TASK TO COMPLETE
Transcribe exactly, and only, the lines running from the one with "After binge watching" to the end of the entries below, both included, without any pictures.

INPUT
<<<<
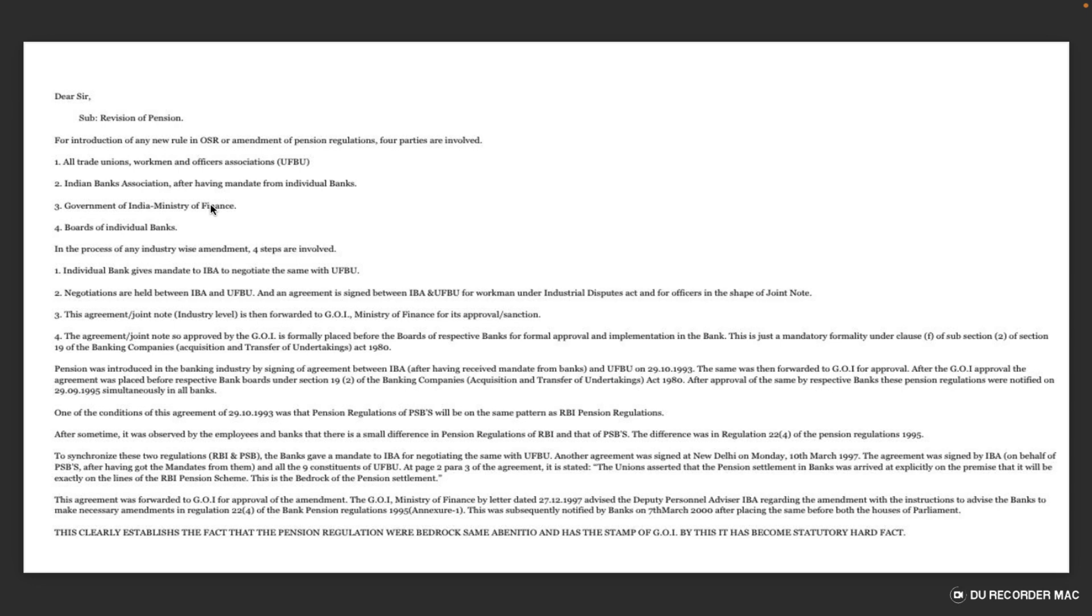Four steps involved: individual bank gives mandate to IBA, IBA negotiates and signs with UFBU, negotiations held between IBA and UFBU, and agreement signed between IBA and UFBU - for workmen under Industrial Dispute Act, for officers section joint note. Thank you.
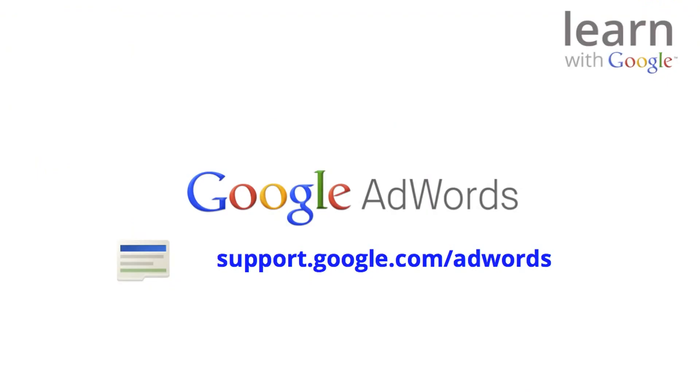If you want to learn more about campaigns or AdWords in general, take a look at the AdWords Help Center at support.google.com/AdWords.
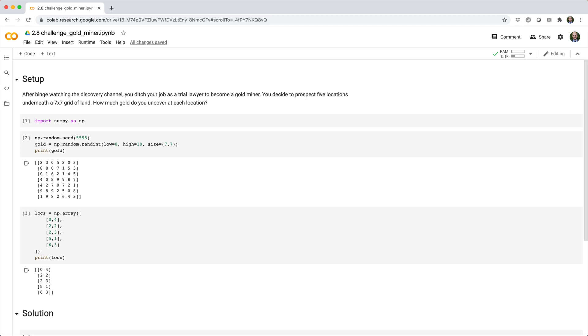After binge watching the Discovery Channel, you ditch your job as a trial lawyer to become a gold miner. You decide to prospect five locations underneath a 7x7 grid of land. How much gold do you uncover at each location?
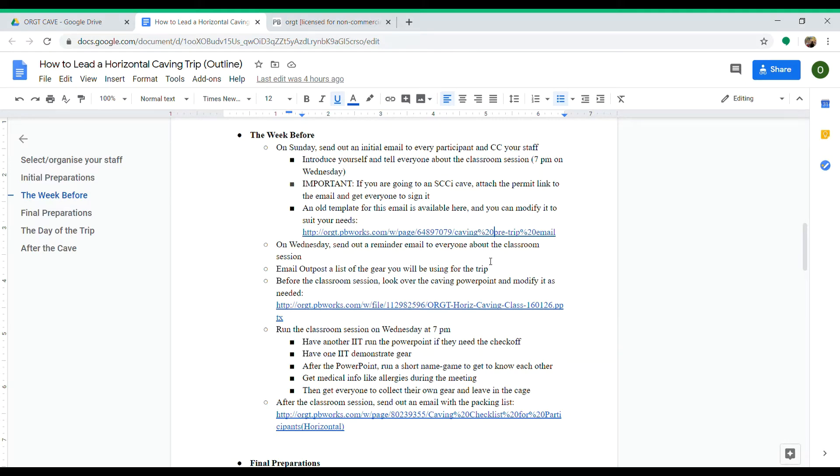Send that email out on Sunday, and then on Wednesday send out another reminder email—just a short 'Hey, the classroom session is happening tonight, be sure you're there.' And then work with people who can't make the classroom session and try to reschedule.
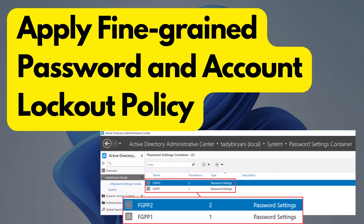Hey there, welcome back to my channel. In today's video, we are going to talk about applying fine-grained password and account lockout policies in Active Directory.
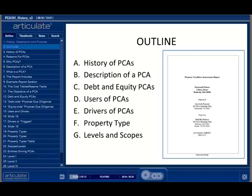In this module, we will set the stage for the rest of the course. We'll cover the history of how the PCA market formed, a description of what a PCA is, and discuss some of the differences between PCAs performed for various reasons. To know the underlying forces behind this work, we will discuss the users and drivers of this process and how the work varies by property type. Lastly, we'll touch on levels and scopes.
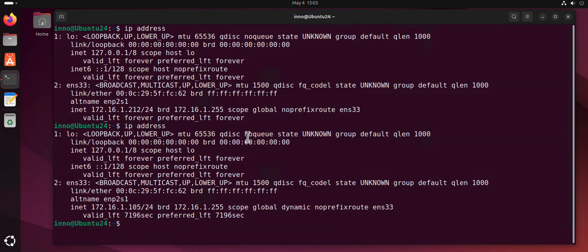So that's all for this video. That's how you can configure static IP address and DNS on Ubuntu Linux. I hope this information has been helpful. I'll catch you on my next video. Thanks, bye!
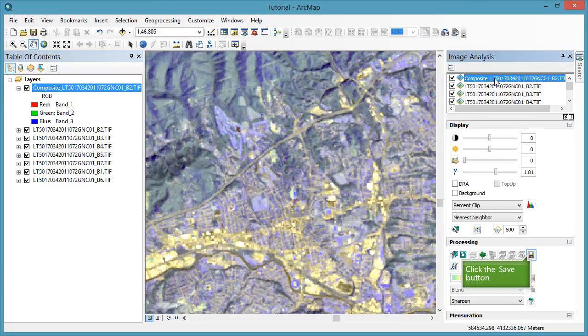Be sure to save your new composite dataset as a permanent dataset as covered in tutorial 11.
>>>>
OUTPUT OF THE EXERCISE
After binge watching the Discovery Channel, you ditch your job as a trial lawyer to become a gold miner. You decide to prospect five locations underneath a 7x7 grid of land. How much gold do you uncover at each location?
Send that email out on Sunday, and then on Wednesday send out another reminder email—just a short 'Hey, the classroom session is happening tonight, be sure you're there.' And then work with people who can't make the classroom session and try to reschedule.
Hey there, welcome back to my channel. In today's video, we are going to talk about applying fine-grained password and account lockout policies in Active Directory.
In this module, we will set the stage for the rest of the course. We'll cover the history of how the PCA market formed, a description of what a PCA is, and discuss some of the differences between PCAs performed for various reasons. To know the underlying forces behind this work, we will discuss the users and drivers of this process and how the work varies by property type. Lastly, we'll touch on levels and scopes.
So that's all for this video. That's how you can configure static IP address and DNS on Ubuntu Linux. I hope this information has been helpful. I'll catch you on my next video. Thanks, bye!
Be sure to save your new composite dataset as a permanent dataset as covered in tutorial 11.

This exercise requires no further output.